TreSwank -> RE: A Tale of Mr. Badman (Domestic Violence Rhumba) (11/14/2006 10:38:50 AM)

Bravo, Arpig.  Well done!!




MistressSophia -> RE: A Tale of Mr. Badman (Domestic Violence Rhumba) (11/14/2006 10:42:52 AM)

Poster boy for battered MEN, I loved your stories. Maybe you could point out. Where the female raised her hands? Women fight with their minds. ok at times with their mouth. "men" fight with their hands.. There's your big difference between jail and no jail. And by the way only cowards hit women or children!




TreSwank -> RE: A Tale of Mr. Badman (Domestic Violence Rhumba) (11/14/2006 10:54:41 AM)

quote:

ORIGINAL: MistressSophia

Poster boy for battered MEN, I loved your stories. Maybe you could point out. Where the female raised her hands? Women fight with their minds. ok at times with their mouth. "men" fight with their hands.. There's your big difference between jail and no jail. And by the way only cowards hit women or children!


Let me rephrase that.......only cowards hit children.  A women possesses the same sort of vicious propensities as a man, but it does, in most instances, express itself differently between the genders.

Now.....a women who walks into an argument with the intent of provoking and pouring gasoline on the fire, should expect that only so much is needed to set off that primitive "Fight or Flight" adrenaline reaction in men.  Don't tell me that you want equality and the pedestal at the same time.  If you taunt a rattlesnake enough times, there are probably going to be dire consequences.

The typical female response might be "Why do we have to resort to violence?"  My response would be "Why do you have to resort to cattiness, jabs at a man's self-esteem, and cheap mouthy baiting- techniques?" 




MistressSophia -> RE: A Tale of Mr. Badman (Domestic Violence Rhumba) (11/14/2006 11:05:28 AM)
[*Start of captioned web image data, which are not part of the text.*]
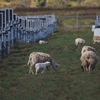 Residential sheep grazing at the University of Queensland's own 64 MW Warwick Solar Farm.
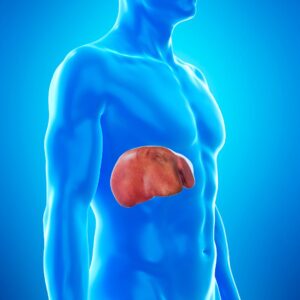 liver graphic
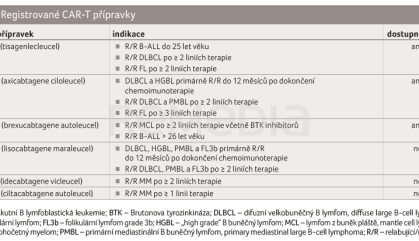 TAB. 1 Registrované CAR-T přípravky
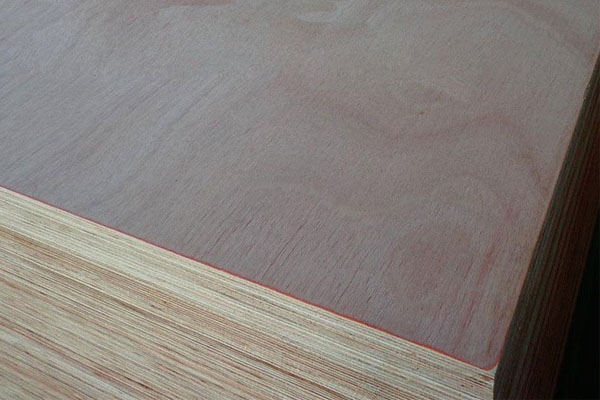 1220*2440���Ӱ�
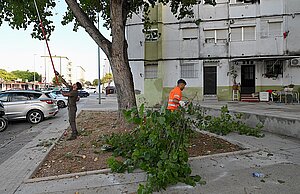 El Ayuntamiento está podando en la barriada de Santo Tomás de Aquino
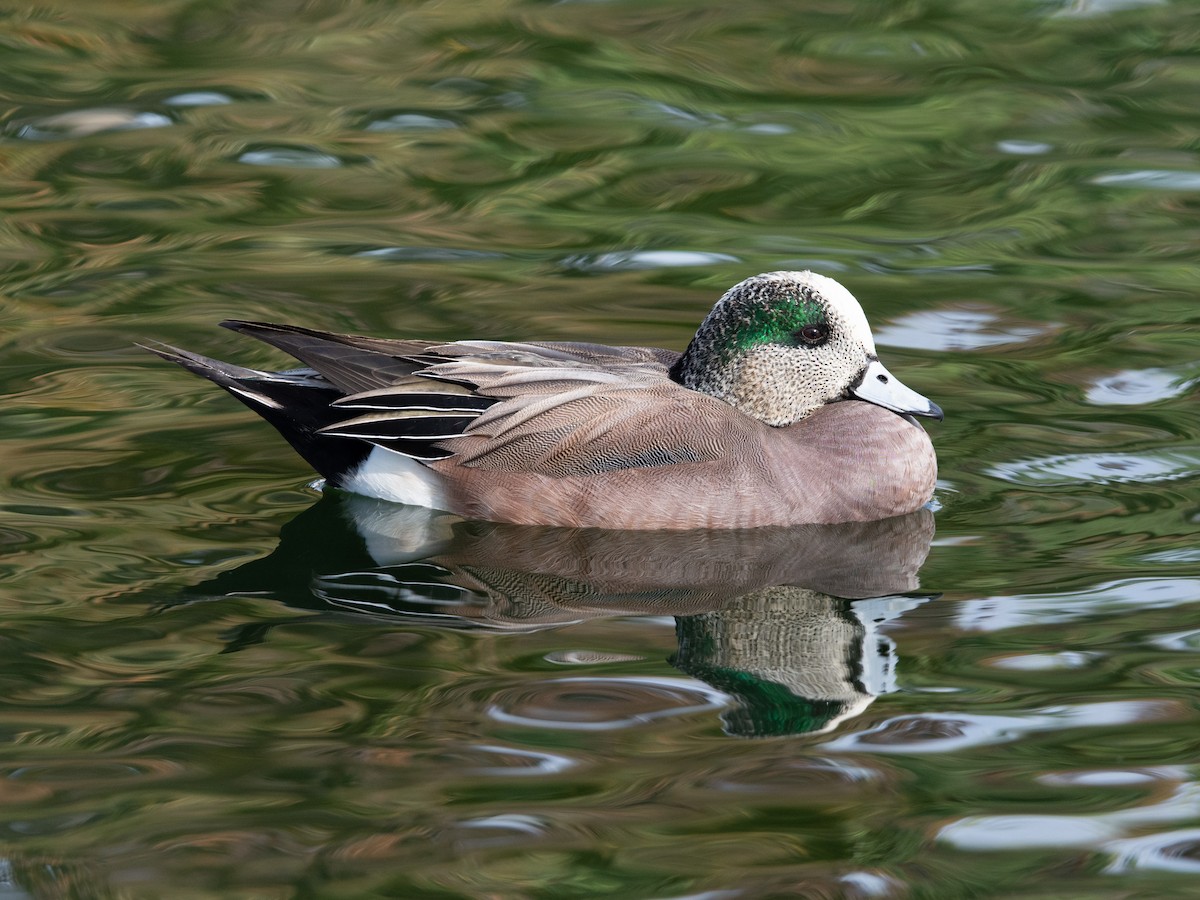 American Wigeon - ML131295201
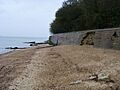 Old Castle Point - geograph.org.uk - 1034280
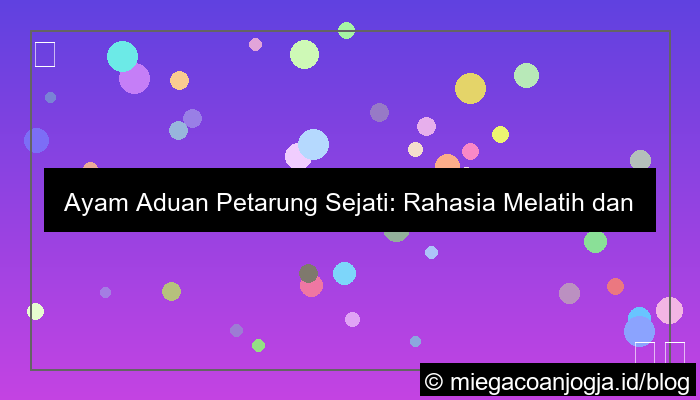 ayam aduan petarung sejati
SO HER REWARDS  .FOR RAISING YOU .KEEPING YOU OFF THE STREETS  AND A ROOF OVER YOUR HEAD AND YOUR BELLY FULL .WAS A HOT TEMPERED PUNK.. SO LET ME GET THIS STRAIGHT YOU WERE A WELL RESPECTABLE YOUNG  MAN .AND SHE JUST GOT HER KICKS OUT OF BEATING YOU.. IS THIS RIGH?. BECAUSE I HAVE TO TELL YOU. I DON'T KNOW WHAT AGE YOU ARE. BUT I CAN ONLY THINK OF THE BAD MANNERS AND DISRESPECT YOU MUST OF SHOWN HER. FOR TAKING CARE OF YOU. EVER THINK MAYBE SHE WANTED YOU TO BECOME A GOOD MAN.. WHICH I HAVE TO TELL YOU I DON'T SEE IN YOU WRITTING. AND IF ANYONE NEEDS TO APLOGIZE  IT'S YOU. SHE DIDN'T BEAT YOU LONG ENOUGH OR HARD ENOUGH. I FIND YOU A BIT UNGREATEFUL.AND VERY DISRESPECTFUL..BUT BE GLAD I DIDN'T RAISE YOU. BECAUSE HAD YOPU RAISED YOUR HANDS TO ME . YOU WOULD OF HAD NO HANDS TO SPEAK OF. THAT ISN'T ANYTHING MORE THEN BEING TIRED OF PUTTING UP WITH A PUNK!!




TreSwank -> RE: A Tale of Mr. Badman (Domestic Violence Rhumba) (11/14/2006 11:07:24 AM)
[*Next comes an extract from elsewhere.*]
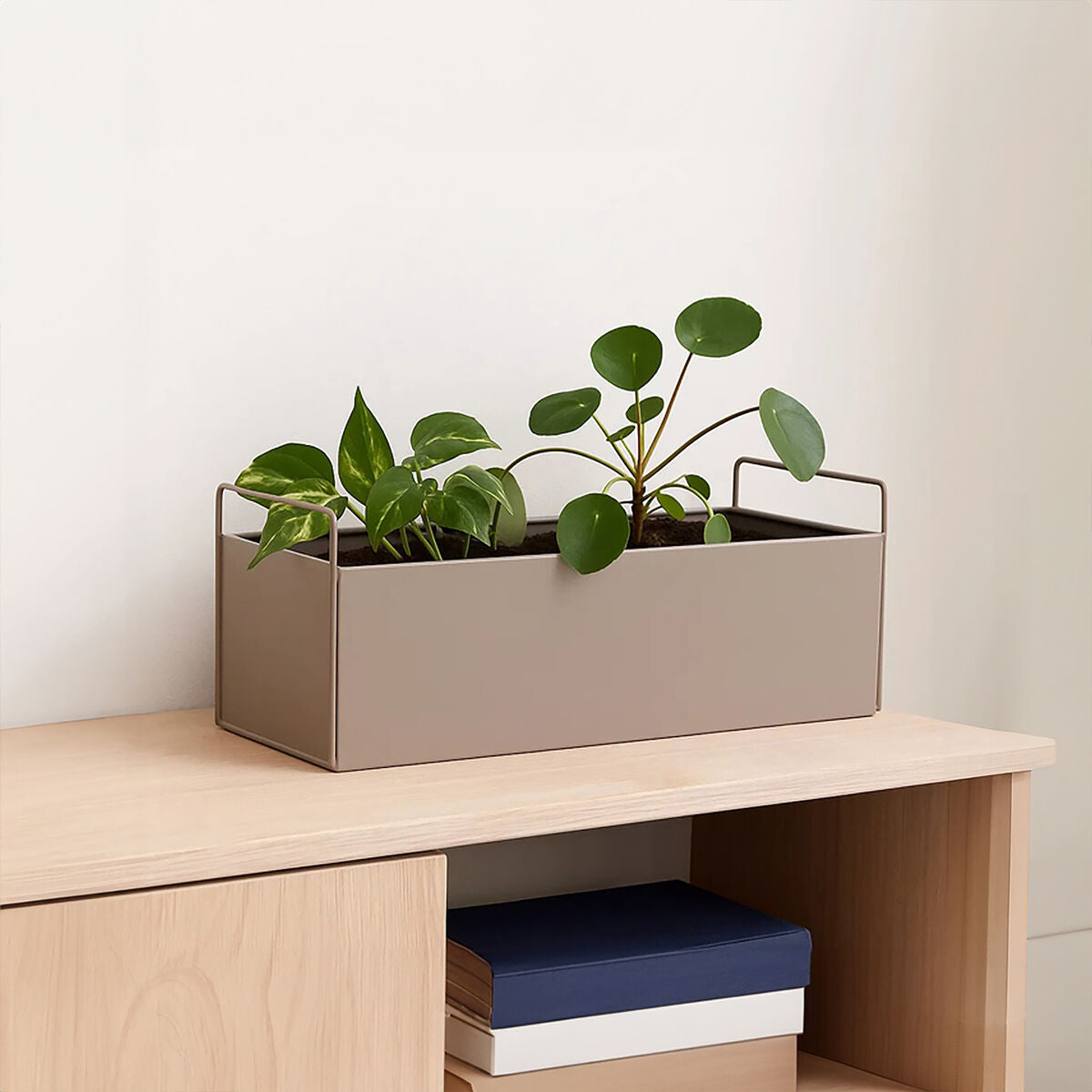 Asher Large Natural Wall Plant Box
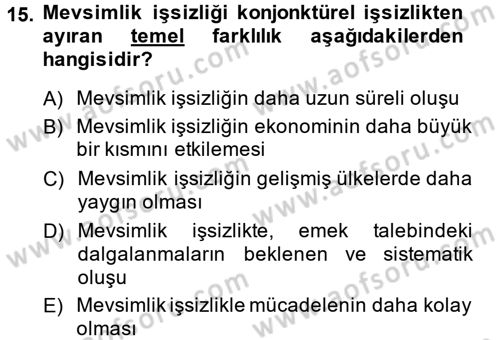 Çalışma Ekonomisi 2 Dersi 2013 - 2014 Yılı (Final) Dönem Sonu Sınav Soruları 15. Soru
I think she kinda likes me.

Here we have an example of unchecked feminine invective and baiting.  If you  had raised me, I think I would have hopped a train or checked myself into an orphanage well before the age of 14.   I mean....I dig your nails and everything, but you're kinda MEAN!!!!  Did your children cower in fear every time you walked into the room?
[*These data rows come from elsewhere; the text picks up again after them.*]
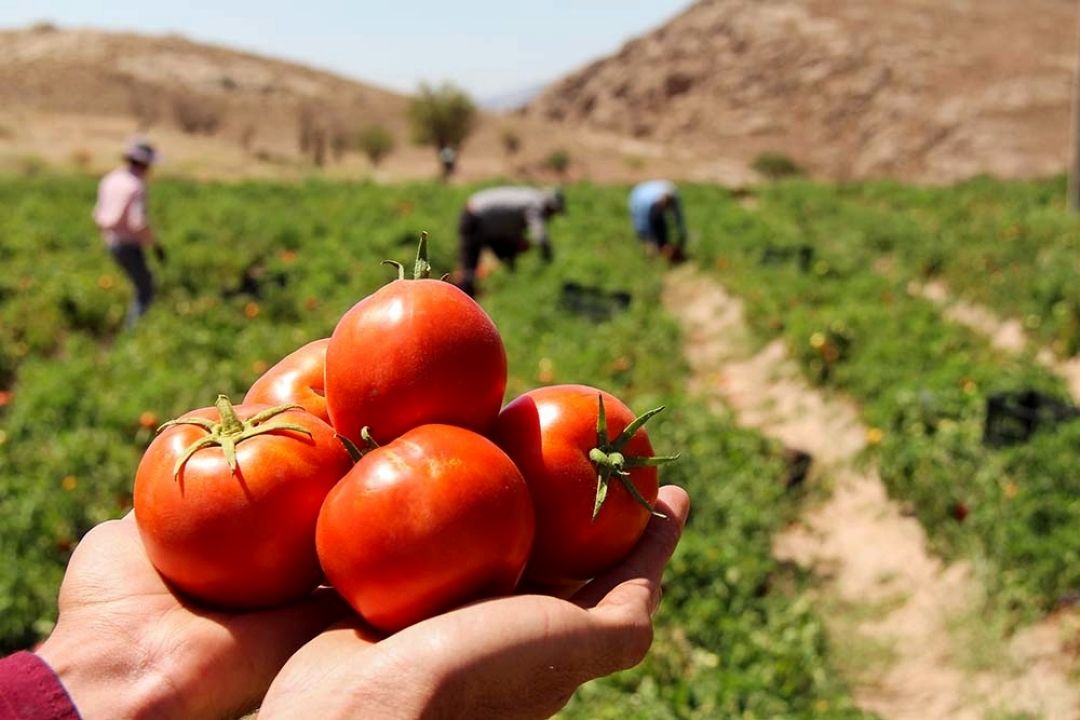 گوجه فرنگی در ایران فقط در آبان با محدودیت تولید مواجه است / توزیع گوجه فرنگی در میادین كیلویی 11 هزار تومان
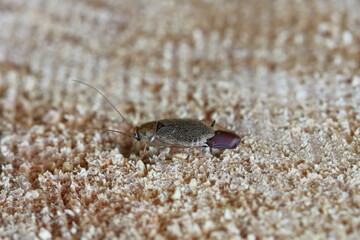 Wild cockroach Dusky Cockroach (Ectobius lapponicus). A female carrying a cocoon with eggs.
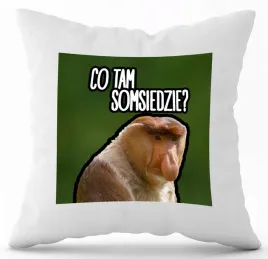 poduszka-z-nadrukiem-biala-pdm-smieszne-20-prezent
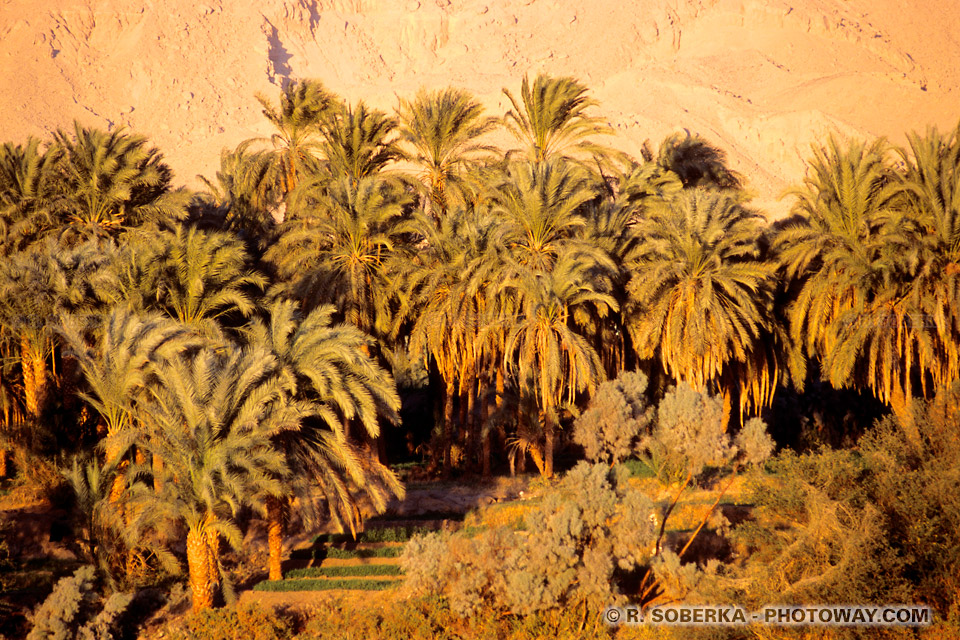 Photos de croisière sur le Nil photo de vacances en Egypte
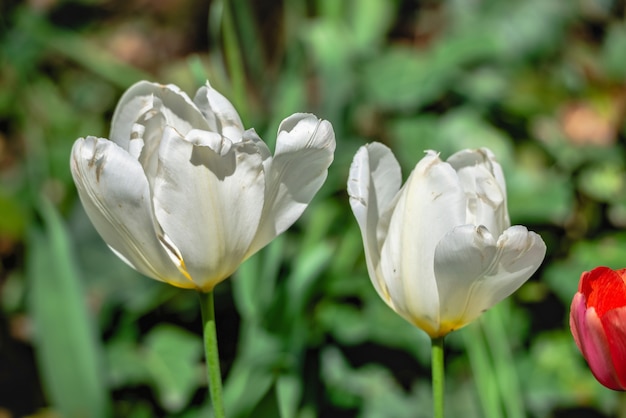 Bloeiende tulpen in het Kropyvnytskyi arboretum op een zonnige lentedag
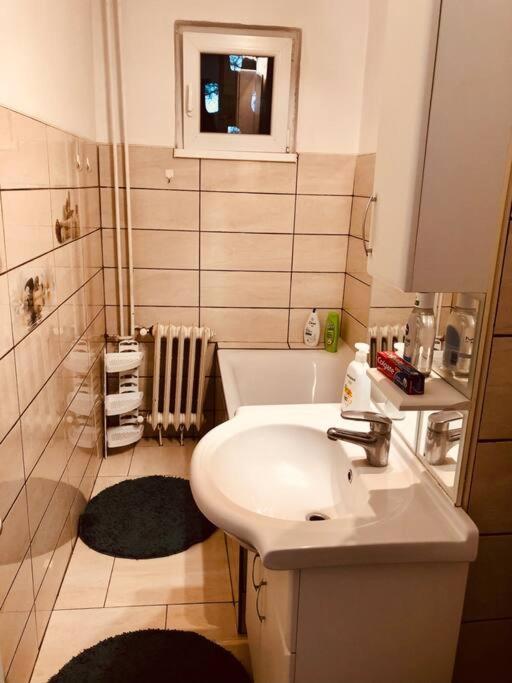 تيميشورا Nice Apt Near Spitalul Judetean, All You Need Lr14 المظهر الخارجي الصورة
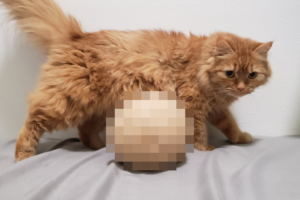 発想・愛・忍耐力がスゴイ！3年間のブラッシングで集めたニャンコの毛がボールに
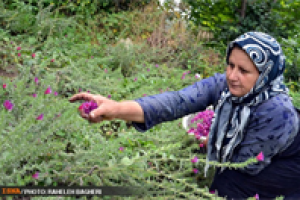 ۸۰درصد تولید گل‌ گاوزبان رودسر برعهده زنان است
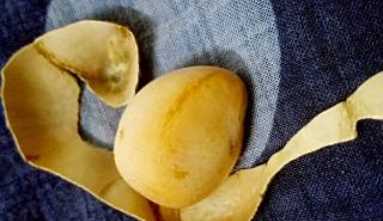 怎樣剝鳳眼果,什么是鳳眼果?圖3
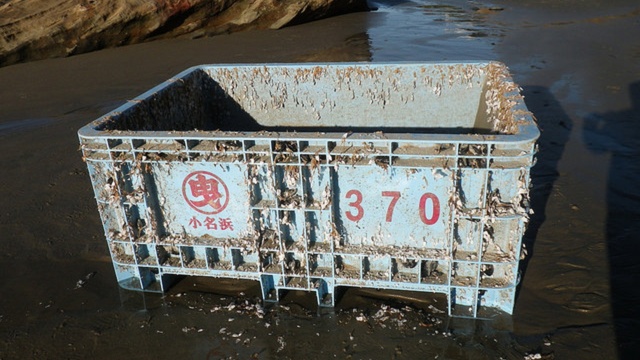 Shipping tote dislodged during the Japanese tsunami washed ashore near Seal Rock, Ore. in late November. It was covered with about 200 blue mussels. | credit: Oregon State University 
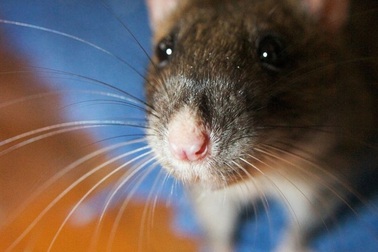 Cảnh sát Argentina mất 540 kg cần sa, đổ cho chuột nghiện ăn mất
onlythewindknows -> RE: A Tale of Mr. Badman (Domestic Violence Rhumba) (11/14/2006 11:16:22 AM)

quote:

ORIGINAL: Arpig
Getting mad at Tre for stating a fact does not make it not a fact. The domestic violence laws are such that it is very easy for a woman to have a man arrested and charged when nothing actually happened. This is wrong. This is as wrong as the violence which the laws were enacted to stop. Simply put the law is a bad law, and needs to be rewritten. There needs to be some burden of proof/evidence before criminal charges are laid, and in this particular instance, the burden has been lowered to "She said so". And the law will protect her if it turns out she lied.



i must emphasise, it is also VERY HARD to convict someone whose violence is sneaky, leaves no marks.  i know that men are likely to side with the "arrestee as victim" side of this, but understand - it may be easy to get someone thrown in jail for a few days, but actually getting a very abusive person in jail for a long time *who ought to be in jail* can be very very difficult.  which is awful for everyone.